Theses and Dissertations

Issuing Body

Mississippi State University


Nukpezah, Julius A.

Committee Member

Potter, Michael R.

Committee Member

Abutabenjeh, Sawsan

Other Advisors or Committee Members

French, P. Edward

Date of Degree


Document Type

Dissertation - Open Access


Public Policy & Administration

Degree Name

Doctor of Philosophy (Ph.D)


College of Arts and Sciences


Department of Political Science and Public Administration


Numerous studies have examined the effect of natural disasters and social vulnerability indicators on broad factors using different theoretical frameworks; however, no study synthesizes a framework of theories to comprehensively examine the nexus among natural disasters, social vulnerability, subsidiarity principle, and government finance in the U.S. The dissertation utilizes a broad framework of theories to address two objectives of the dissertation namely the determinants of (1) infrastructure investment and (2) public assistance programs.

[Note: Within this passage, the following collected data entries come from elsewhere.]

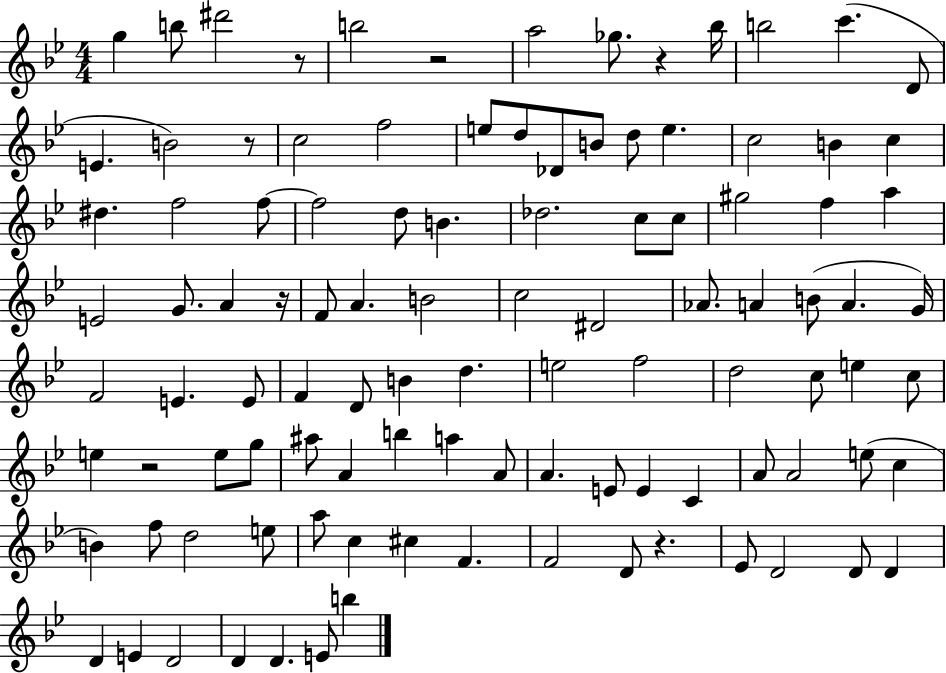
X:1
T:Untitled
M:4/4
L:1/4
K:Bb
g b/2 ^d'2 z/2 b2 z2 a2 _g/2 z _b/4 b2 c' D/2 E B2 z/2 c2 f2 e/2 d/2 _D/2 B/2 d/2 e c2 B c ^d f2 f/2 f2 d/2 B _d2 c/2 c/2 ^g2 f a E2 G/2 A z/4 F/2 A B2 c2 ^D2 _A/2 A B/2 A G/4 F2 E E/2 F D/2 B d e2 f2 d2 c/2 e c/2 e z2 e/2 g/2 ^a/2 A b a A/2 A E/2 E C A/2 A2 e/2 c B f/2 d2 e/2 a/2 c ^c F F2 D/2 z _E/2 D2 D/2 D D E D2 D D E/2 b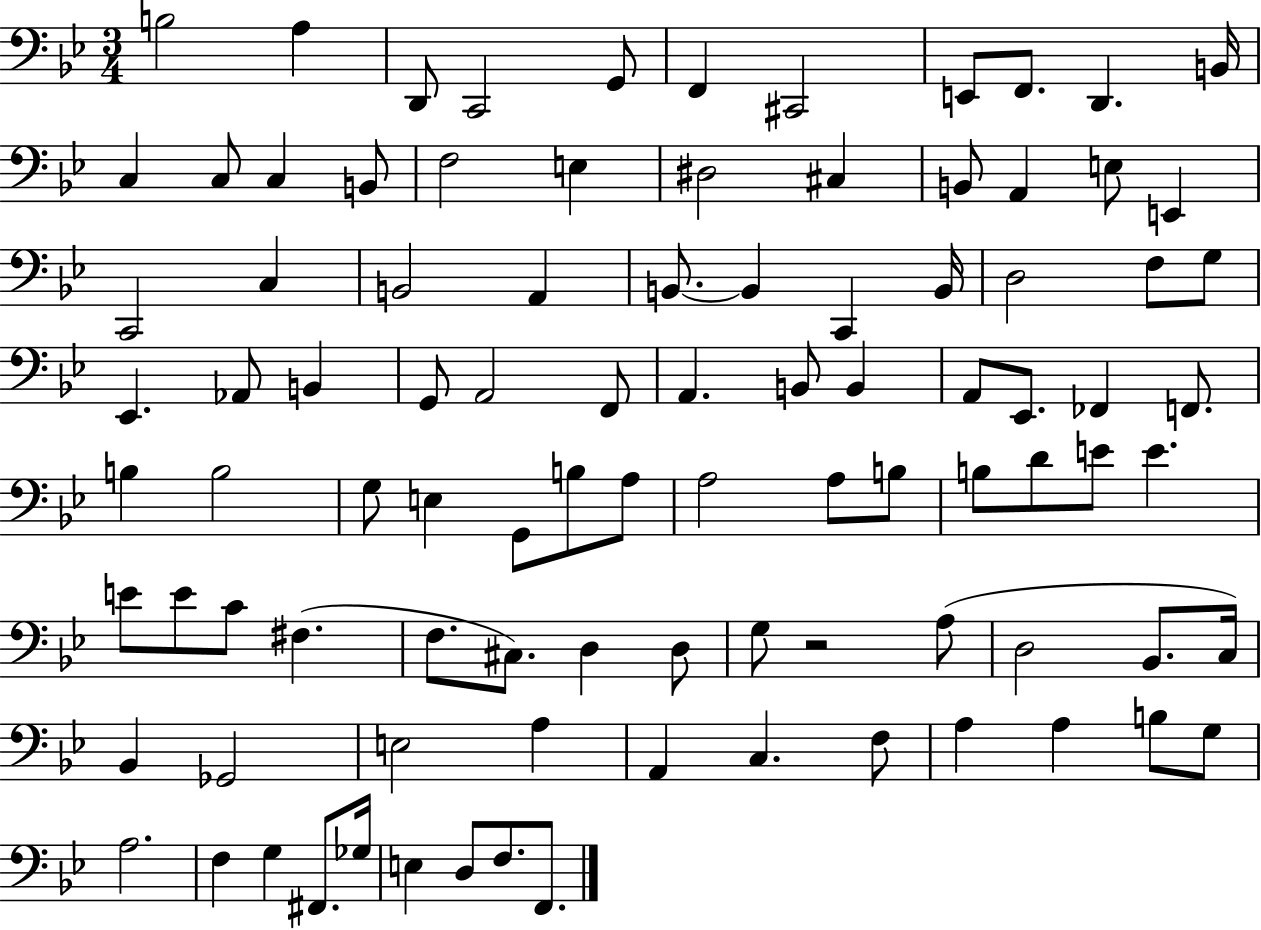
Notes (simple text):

B3/h A3/q D2/e C2/h G2/e F2/q C#2/h E2/e F2/e. D2/q. B2/s C3/q C3/e C3/q B2/e F3/h E3/q D#3/h C#3/q B2/e A2/q E3/e E2/q C2/h C3/q B2/h A2/q B2/e. B2/q C2/q B2/s D3/h F3/e G3/e Eb2/q. Ab2/e B2/q G2/e A2/h F2/e A2/q. B2/e B2/q A2/e Eb2/e. FES2/q F2/e. B3/q B3/h G3/e E3/q G2/e B3/e A3/e A3/h A3/e B3/e B3/e D4/e E4/e E4/q. E4/e E4/e C4/e F#3/q. F3/e. C#3/e. D3/q D3/e G3/e R/h A3/e D3/h Bb2/e. C3/s Bb2/q Gb2/h E3/h A3/q A2/q C3/q. F3/e A3/q A3/q B3/e G3/e A3/h. F3/q G3/q F#2/e. Gb3/s E3/q D3/e F3/e. F2/e.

Using panel data from 50 U.S states over a 17-time period (2000 – 2017), the first objective of the study investigates the determinants of infrastructure investment using a synthesis of theories. The study maintains that state infrastructure investment is not necessarily because of disaster punctuations but economic prosperity. The findings paint a picture of a proactive government that is perhaps prepared and does not act necessarily because of disaster events. The objective of the second study investigates the determinants of public assistance receipt assessed in 4 ways. The study maintains that subsidiarity assistance is influenced by both disasters and social vulnerabilities. However, disaggregating subsidiarity assistance into its sub-components (total public assistance, emergency work funds, permanent work funds, and intergovernmental transfers) provide a nuanced understanding of public assistance receipt. Federally declared disasters are strongly associated with disaster-relief forms of assistance, but not a significant determinant of intergovernmental transfers. Social vulnerability indicators, more especially – poverty, inequality (Gini), political influence, income, and infrastructure investment positively influence the receipt of federal intergovernmental transfers. The findings demonstrate that federal allocation of subsidiarity assistance follows a formula in terms of addressing wicked problems related to disasters and social vulnerabilities. In addition, the dissertation finds that disaster impact and social vulnerability theory additively explains the subsidiarity principle of U.S. federal government assistance programs to subnational governments.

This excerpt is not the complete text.